Back in the early 1980s I thought I'd combine my interests in minor league baseball and vintage baseball cards by assembling a collection of the Obak cigarette cards that were distributed on the West Coast in 1909, 1910 and 1911.I didn't realize it then, but those cards are so much rarer than most of the contemporary T206 cards from "Back East" that putting together complete sets of the Obak could take decades to accomplish -- and that's if a guy had more money than God to buy the cards when they became available.At about the time I started my Obak collection I also started researching the players who appeared in the sets. Over the course of several long Wisconsin winters I pored over microfilms of The Sporting News and The Sporting Life from the period several years before to several years after the Obak cards circulated, making prodigious notes on 3x5 file cards for each player in the set.I gave up trying to collect the T212s (that's the catalog number Jefferson Burdick assigned the three sets in the pioneering American Card Catalog in 1939), long ago, and have since sold off all my Obaks, one-by-one, first on eBay, then on the Net 54 baseball card forum. As I was selling each card, I included interesting tidbits about each player from my notes. The bidders seemed to like learning a little bit about these guys on the cards, so I thought I'd now begin sharing their stories here.
Tom "Don't Call Me 'Bunny'" Madden
This was one of the more challenging identifications to make among the Obak players in the pre-Google days. There were two Tom Maddens playing at the same time. Thomas Francis Madden, nicknamed "Bunny" was born in 1882 in Boston and played 1909-1911 with the Boston Red Sox. Thomas Joseph Madden -- this Tom Madden -- was born in 1883 in Philadelphia and played in 1906 with the Boston Beaneaters (Nat'l League).

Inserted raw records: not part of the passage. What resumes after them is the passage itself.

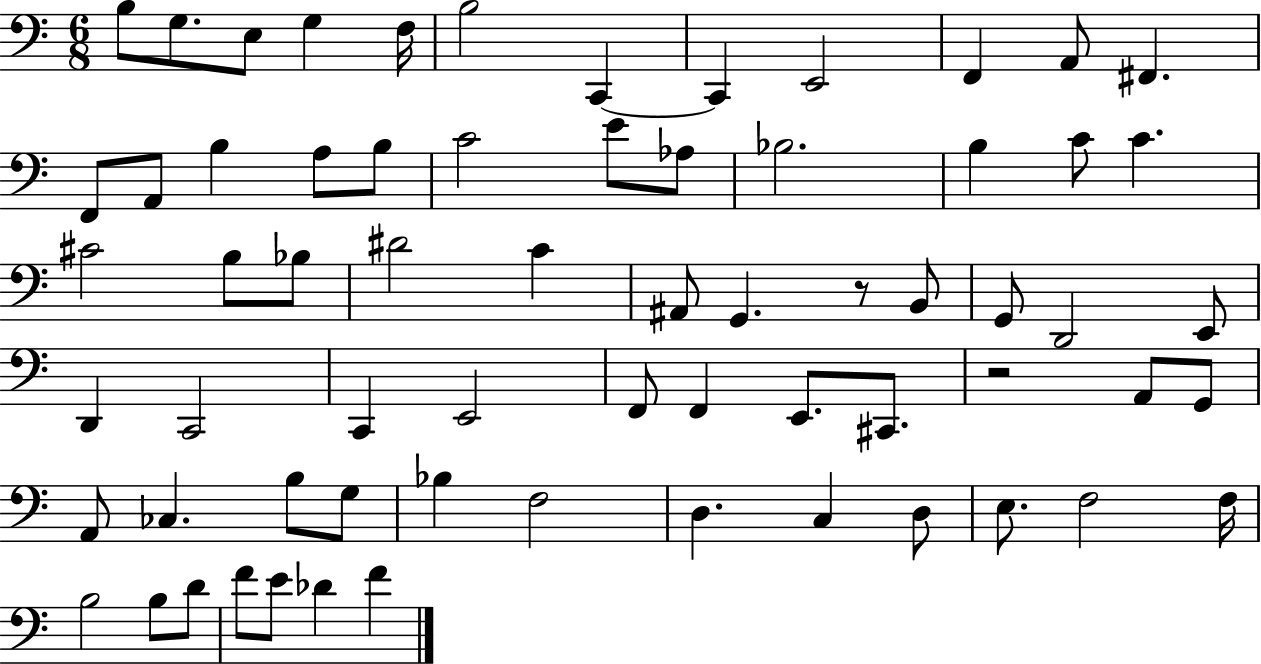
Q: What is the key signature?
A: C major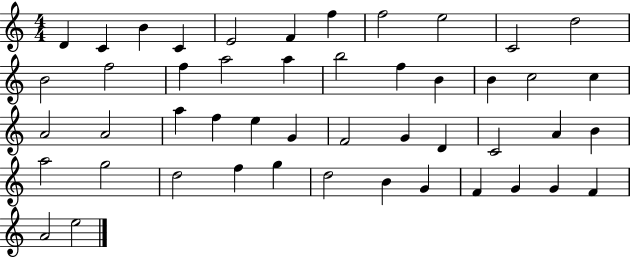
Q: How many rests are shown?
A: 0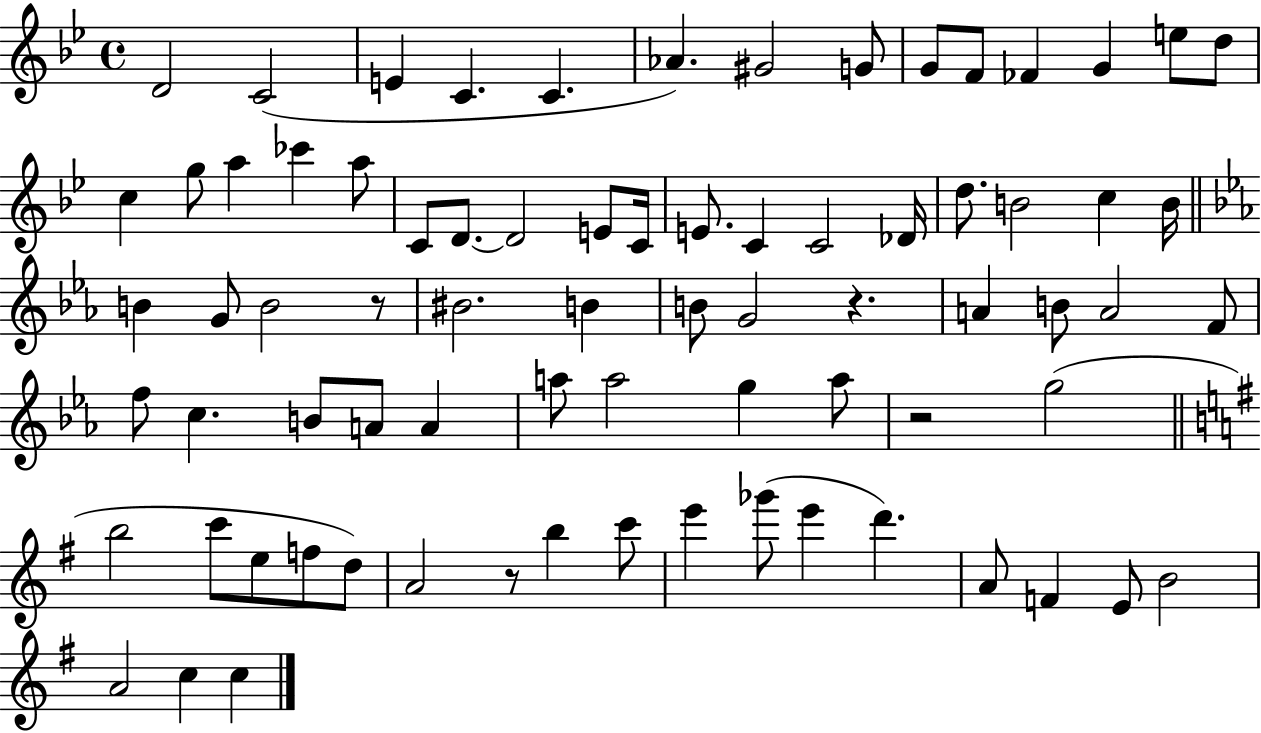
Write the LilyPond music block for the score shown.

{
  \clef treble
  \time 4/4
  \defaultTimeSignature
  \key bes \major
  d'2 c'2( | e'4 c'4. c'4. | aes'4.) gis'2 g'8 | g'8 f'8 fes'4 g'4 e''8 d''8 | \break c''4 g''8 a''4 ces'''4 a''8 | c'8 d'8.~~ d'2 e'8 c'16 | e'8. c'4 c'2 des'16 | d''8. b'2 c''4 b'16 | \break \bar "||" \break \key ees \major b'4 g'8 b'2 r8 | bis'2. b'4 | b'8 g'2 r4. | a'4 b'8 a'2 f'8 | \break f''8 c''4. b'8 a'8 a'4 | a''8 a''2 g''4 a''8 | r2 g''2( | \bar "||" \break \key g \major b''2 c'''8 e''8 f''8 d''8) | a'2 r8 b''4 c'''8 | e'''4 ges'''8( e'''4 d'''4.) | a'8 f'4 e'8 b'2 | \break a'2 c''4 c''4 | \bar "|."
}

Between the notes I made all those years ago while paging through the sports papers, and the on-line reference by the Society for American Baseball Research, I've got it straight now and can positively identify the Madden who appears in the 1911 Obak set.
This is the Tommy Madden who was born in Philadelphia and at age 22 turned pro with Haverhill in the Class B New England League before being sent to the Boston Beaneaters for a trail at the end of the 1906 season. At the big league level he hit .267 in four games and returned to Haverhill for 1907. He spent the next two seasons at Utica in the New York State League, where he batted .310 and was purchased by the New York Highlanders (now Yankees).
After getting a lone pinch-hit appearance for New York, his last taste of big league life. He returned to the Class A minors in 1910, splitting the season between Montreal and San Francisco. He was traded to Sacramento in mid-1911, batting .3030 that season.
He opened the season with Sacramento for 1912, but in July was fined and suspended for heavy drinking, apparently ending his professional baseball career. He died back in Philadelphia in 1930.